Filed under The NCAA

8 responses to “O’Bannon marches onward.

  1. Lrgk9

    Oh, but those wheels that turn so slowly do indeed grind finely.

  2. Hogbody Spradlin

    The financial cap was kinda legislating from the bench.

    • Not exactly. Wilken accepted the NCAA’s argument that there is a certain level where player payment would negatively impact the ability of schools to promote the sport. That’s what I expect Kessler to attack at his trial.

      • 69Dawg

        Yes. I felt the judge was throwing the NCAA a life line. I guess we should have known they would be too stupid to grab it.

      • James

        One thing I don’t understand: why do the courts need to protect the NCAA’s right to promote and support college football?

        I know I’m missing something there, but how is this different than a restaurant saying they can’t pay their workers, because if they do pay their workers, it will negatively impact and prevent them from promoting and supporting their business?

        • Keep in mind, you’re not talking about one restaurant here. College football is comprised of schools and conferences that are colluding to fix the price they pay student-athletes.
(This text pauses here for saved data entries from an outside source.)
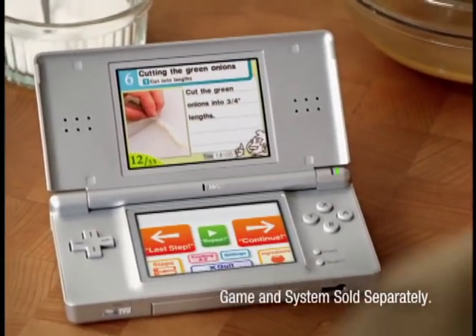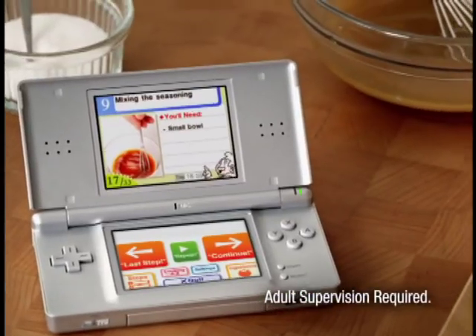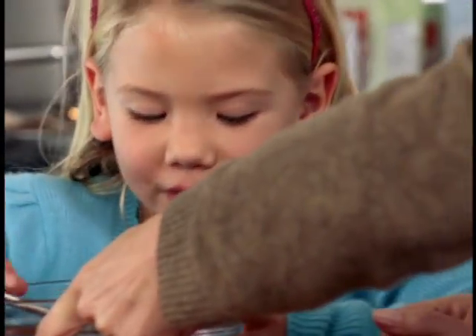Cut the green onions into three-quarter-inch lengths. See? I'm not cutting my fingers at all. It's time to mix the seasoning. Can you stir that? Okay. Continue. Okay.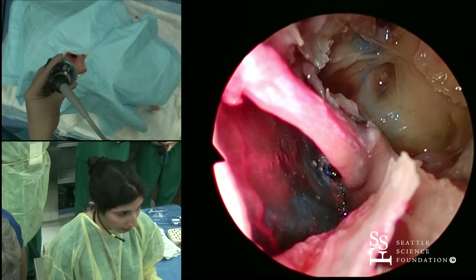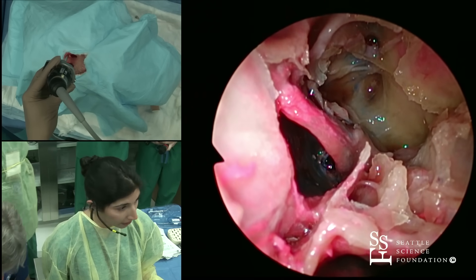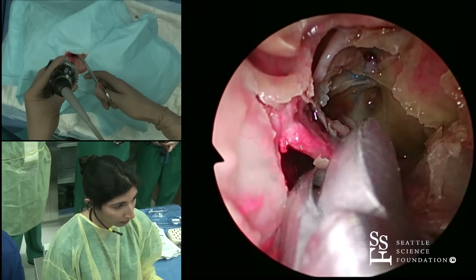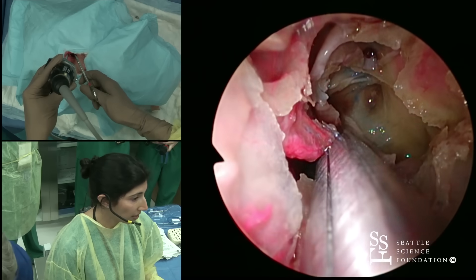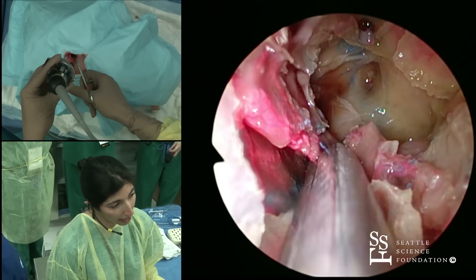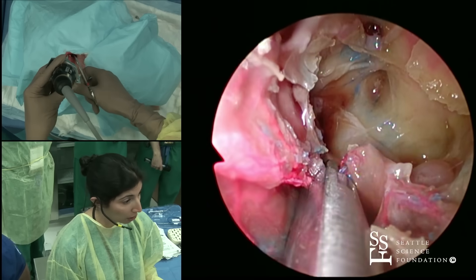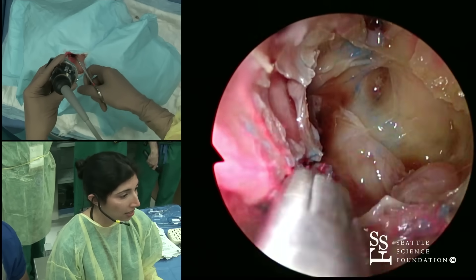I'm going to take my straight through-cut and take down that inferior portion of my superior turbinate. The question in the room was: do I always take the superior turbinate? The answer is, if I am doing this sort of trans-ethmoidal approach and I'm already taking down the ethmoids as well, then yes, this is generally what I do.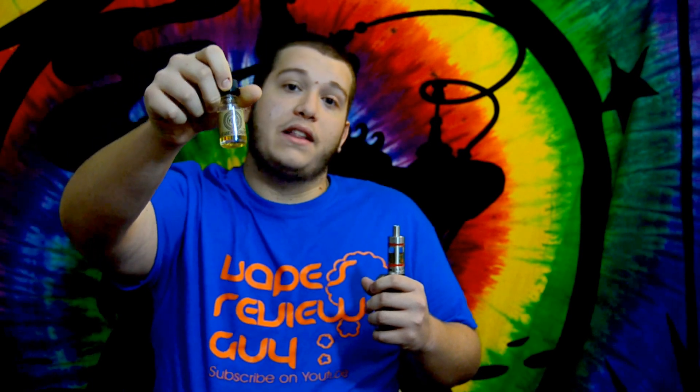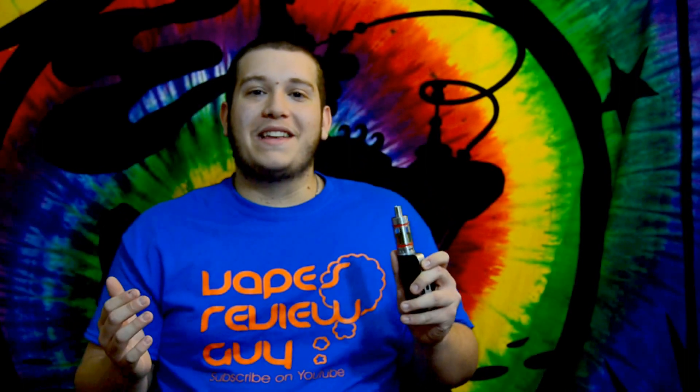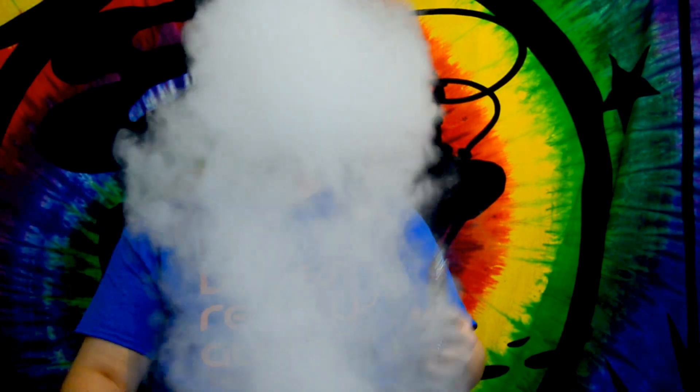Go try it. If I don't like it, it doesn't mean you won't. Go get this — a link in the description for Kilo Dewberry Cream will definitely be there. Remember to like and subscribe to my videos, as well as favorite. Comment below for anything you'd like to see me do. I'm definitely going to get into vape tricks — I have to get better. I don't want to do them on camera and mess them all up. You guys have a great vaping day. Peace.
That’s illegal, unless the schools can show that they have to do it to preserve the business model. Wilken accepted the argument in part that such is the case.

          • James

            Gotcha. But I’m still disconnected: why do NCAA member schools have a legal right to break anti-trust law in order to preserve a business model?

  3. Gaskilldawg

    BV lawyers such as yours truly would have advised the NCAA long before trial to settle on terms it could live with. Good thing the really smart, Ivy League AV lawyers were advising the NCAA.